My attempt: "Given the impossibility of redesigning existing technology or developing new technology, those businesses can lend a hand in the form of mechanisms characteristic of absolute surplus value to carry out their work processes."


----------



## machokrap

For me it's hard to say what "proyectar" means without more context, I hate the way the whole thing is worded. "Echar mano" means something like "make use of" in this context. I hope someone can help you with "plusvalía", not clear either to me.


----------



## Estebandido

machokrap said:


> For me it's hard to say what "proyectar" means without more context, I hate the way the whole thing is worded. "Echar mano" means something like "make use of" in this context. I hope someone can help you with "plusvalía", not clear either to me.



Yeah, it's a very stilted sentence. The broader context is the recovered businesses of Argentina, which are getting by with outdated (but still functional) equipment. They tend to extend the working day to compensate for their disadvantages.

Here's the preceding sentence, if it helps: "[E]n estas experiencias, la “estrategia competitiva” puede echar mano de mecanismos como la extensión de la jornada de trabajo no remunerada o inclusive la flexibilización de la masa salarial para acompañar las oscilaciones del mercado."

That's a very helpful tip on "echar mano" -- thanks.


----------



## Belgeval

Yo apostaría a que por "proyectar" se refieren a impulsar o promover. Así, _promote_ me parece una buena opción.


----------



## Estebandido

Pero no es tecnología que se vende, sino que es usada por los trabajadores.


----------



## Estebandido

Estebandido said:


> Pero no es tecnología que se vende, sino que es usada por los trabajadores.

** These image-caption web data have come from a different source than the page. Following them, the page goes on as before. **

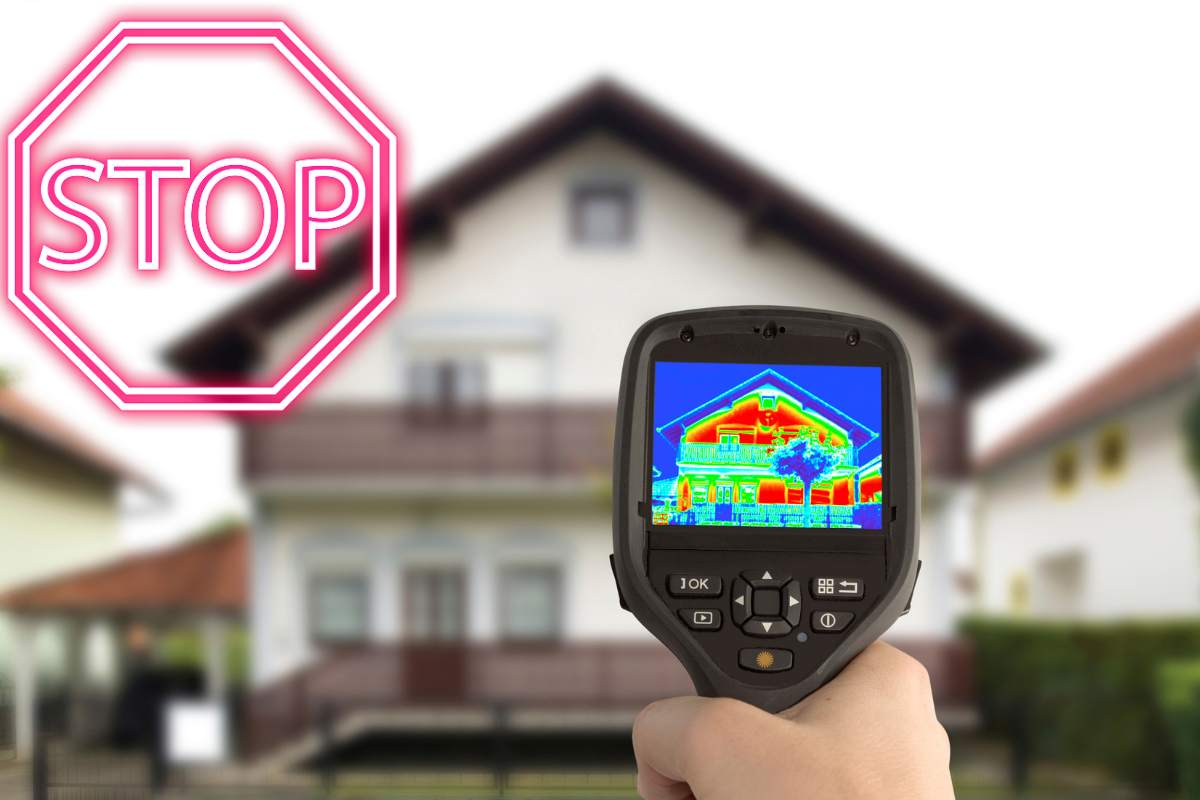 casa segnale stop rosso e macchina per vedere efficenza energetica 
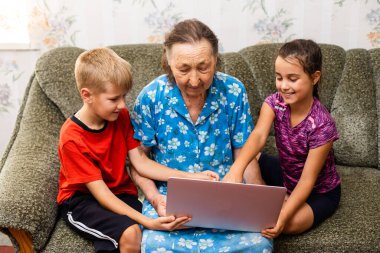 Çocuklar ve çok yaşlı bir büyükanne.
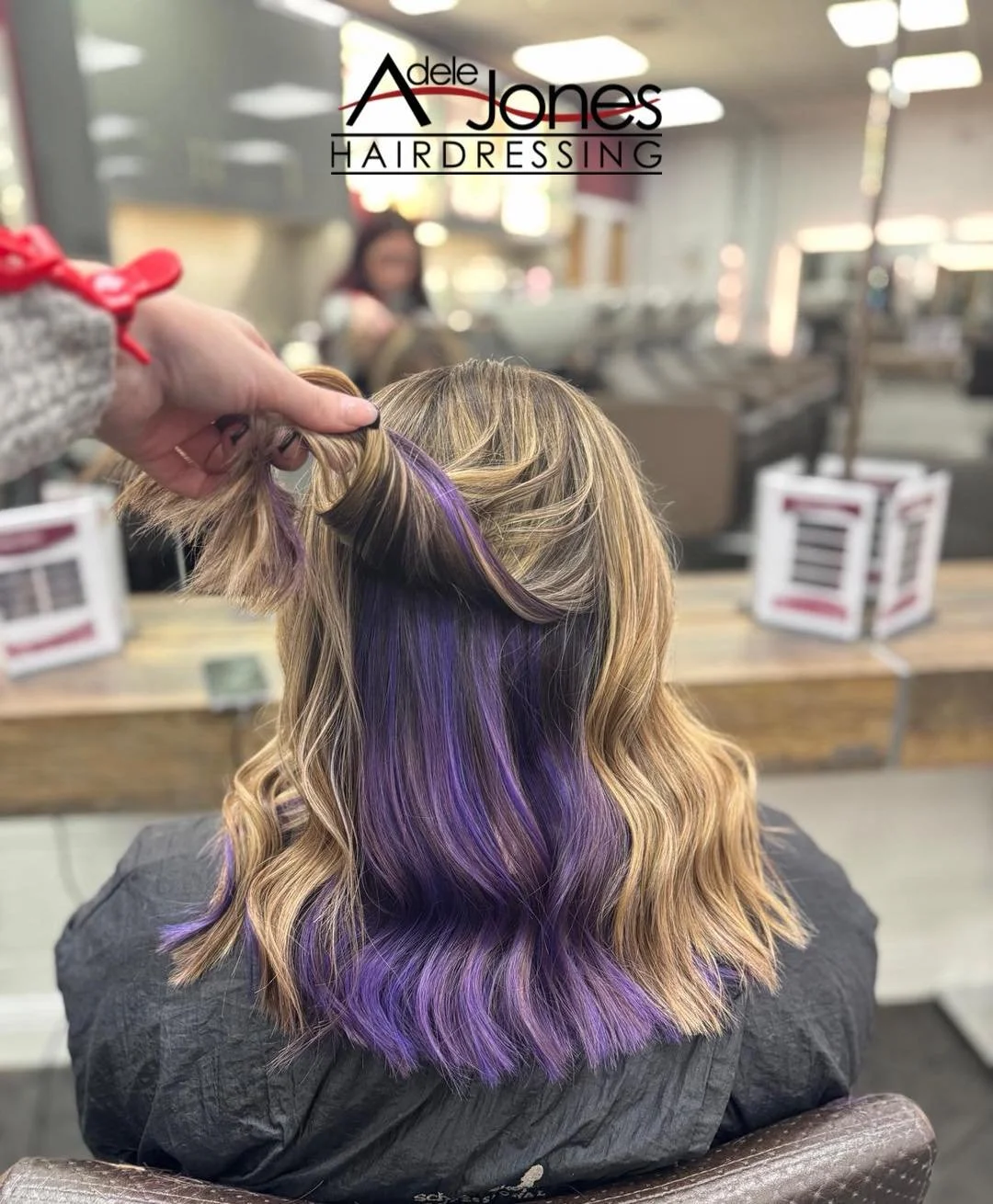 http://goo.gl/C6wQSO
Blonde with purple peekaboo created by our Salon Director Liv.
-
-
#hair #adelejoneshairdressing #barnsley #barnsleyhairdresser #ghd #schwarzkopf #schwarzkopfprofessional #chromaidschwarzkopf #toner #foils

I'm looking again at "imposibilidad eventual de volver a..."  Does this refer to the fact that the technology will eventually wear out? If so, that's the most important point in the sentence, and "proyectar" is secondary.


----------



## William Stein

Estebandido said:


> "[A]nte la imposibilidad eventual"



Doesn't this mean "If it is impossible to..." (si no "eventual" no tendría sentido)



Estebandido said:


> proyectar la tecnología existente o del desarrollo de nuevas tecnologías"


extend the use of existing technologies or develop new ones

Plus-valía absoluta must be "absoluted value added'. Look at this text, which is almost as bad as your own!:


*Value added - RWE AG - Annual Report 2009*
rwecom-online-report-2009.production.investis.com/.../wertbeitrag.aspx


Our organic performance can primarily be deduced from the development of *absolute value added*, the central controlling instrument for all of the RWE Group's ...


----------



## Estebandido

How about this: "Given that it will eventually be impossible to extend the use of existing technologies or develop new ones..." But that makes it sound like they are doomed to run out of technology, which I don't think is the author's point.


----------



## William Stein

It would hardly ever be impossible to extend the use of existing technologies and your ignoring the "eventualmente". Can't it mean "In the event that it is impossible to..."


----------



## machokrap

Estebandido said:


> I'm looking again at "imposibilidad eventual de volver a..."  Does this refer to the fact that the technology will eventually wear out? If so, that's the most important point in the sentence, and "proyectar" is secondary.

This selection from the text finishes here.